Over the last few years, I’ve become rather fond of Ed McBain’s 87th Precinct novels. The more I read them, the more I come to love the whole setup.
Curiously, though, it never occurred to me that I should make any attempt to read them in order. That could be because I buy a lot of my books in second-hand stores and charity shops. There’s something about the pot-luck nature of that kind of browsing that I really enjoy and the prices aren’t too shabby either. I know that by shopping this way I’m doing authors out of royalties, but the whole process fits in with my love of novels and my views on recycling and reusing that mean my conscience remains clear.
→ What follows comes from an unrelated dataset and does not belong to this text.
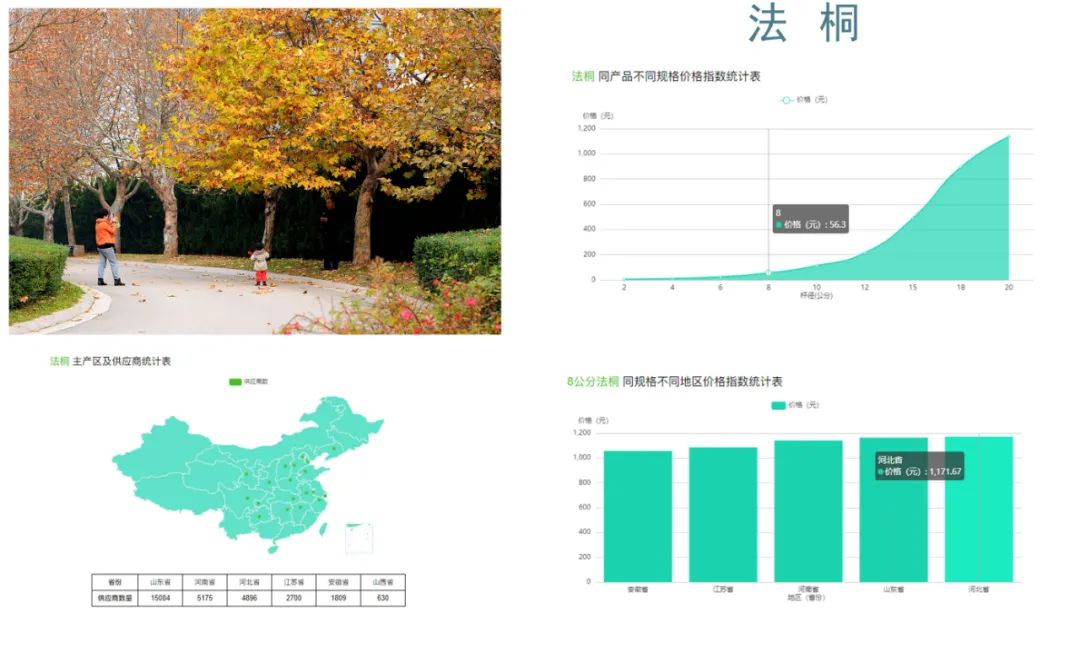 最贵的树种排名与价格,园林苗木骗局曝光案例最新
That’s only relevant because I recently decided to read Cop Hater (US), the book where the 87th all began. What I was a little surprised by was the excellent quality here. I tend to feel that writers mature as they go on and that a series is improved as the depth and the layers are added over time. In this case, I reckon this opener is as fully-baked, well put together and as compelling as any of the other later works that I’ve read.
In this one, there’s a heat-wave that swelters on the page and brings with it the smouldering lust that permeates the book. There’s a cop killer on the loose and Detective Carella is losing his friends and colleagues on a regular basis. As he investigates, the case literally arrives at his doorstep and there’s an uncomfortable and exciting sequence to bring the whole thing to a close.
It was great to meet Steve and Teddy in the early years of their relationship, but in many ways I feel like I already know about those days because of the references in the later stories. It was also something of a surprise to realise just how rounded and substantial Corella is as a character from the off. The nature of the crimes had me hooked from the beginning and the cops are all sympathetic characters even when they’re unlikeable.
Something I particularly like about McBain’s style is the way the tangents work. The red-herrings never feel contrived. Instead, they feel like real avenues of exploration and they all bring something to the books in their own right. It might be that we learn a little more of the character or there may just be a light interlude from the more substantial threads. They become tales in their own right, small vignettes and side shows that add flavour to the main event. I never get the feeling that I’ve been lead down the garden path or that I’m being manipulated by an author who is artificially creating hooks and tension just to keep me interested.
Cop Hater is definitely a good place to start if you’ve never picked up a McBain. Then again, if you’re like me and have already been working your way randomly through the series, this will be a terrific addition to your collection and will be another great read for you to appreciate.